[HPforGrownups] Re: The Scale of Things

rosie crana at ntlworld.com
Wed Aug 28 21:39:10 UTC 2002


No: HPFGUIDX 43306

Hi Marcus, just been reading your post:

"I got the ratios from my own experience with schools versus 
populations.  There were 350 in a grade in my HS from a population of 
7000.  In another town where I lived, there were 120 kids per grade 
in a population of 2400.  So the 20:1 ratio is pretty consistent."

and

"In today's culture, there are about 200 people in the population for every 1 
student in a given year.  Now assuming that wizards live twice as 
long as muggles, make that 400 to 1."
  
Ok, I'm not trying to be funny here but I don't really get this, I'm sorry. Are you using 20:1 (40:1) or 200:1 (400:1)?

Also... using data from the year 2000.

Total population of Britain: 59,755,700
Number of children aged 10 - 15 exclusive: 4,598,000 million 

That is 5 years at school, giving approximately 919600 children per year in secondary school in Britain. 

Using the figure of 150/year at Hogwarts, that would give an approximate ratio of 6130:1 muggle:Hogwarts children - a tiny minority.

Then looking at the ratio of secondary pupils to adults:

In 2000, there were 12.1 million children aged under 16. Taking this away from the total population leaves the adult population at 47.6557 million. 

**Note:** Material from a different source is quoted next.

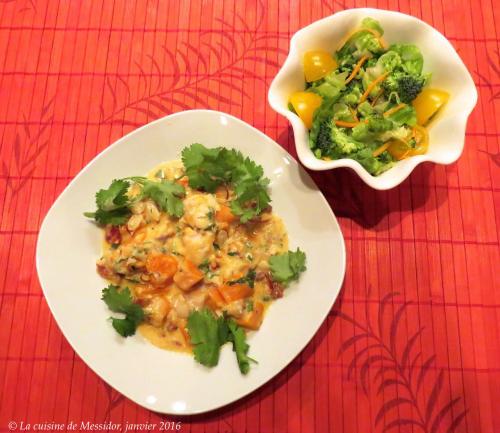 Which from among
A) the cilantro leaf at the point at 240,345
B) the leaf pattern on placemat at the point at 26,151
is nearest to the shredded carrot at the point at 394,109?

So the ratio of secondary pupil : adult is 1: 10.4 (3 sig figures). This is quite a way from either the 1:20 or 1:200 you suggested. 
However, if we then double it as you suggested to account for wizard lifespans, we do have a 1:20 secondary pupil: adult ratio.

Taking this straight from the Hogwarts figure given by JKR (1000 Hogwarts students), that would be 1000 x 20, to give an adult wizard population of around 20,000. So around 2950 Muggles : 1 magical person.

Okay, anyone can criticise my maths if they think I have it wrong as I'm no hot shakes at maths. Anyone who wants to find interesting UK statistics can at http://www.statistics.gov.uk/ . 

Rosie




[Non-text portions of this message have been removed]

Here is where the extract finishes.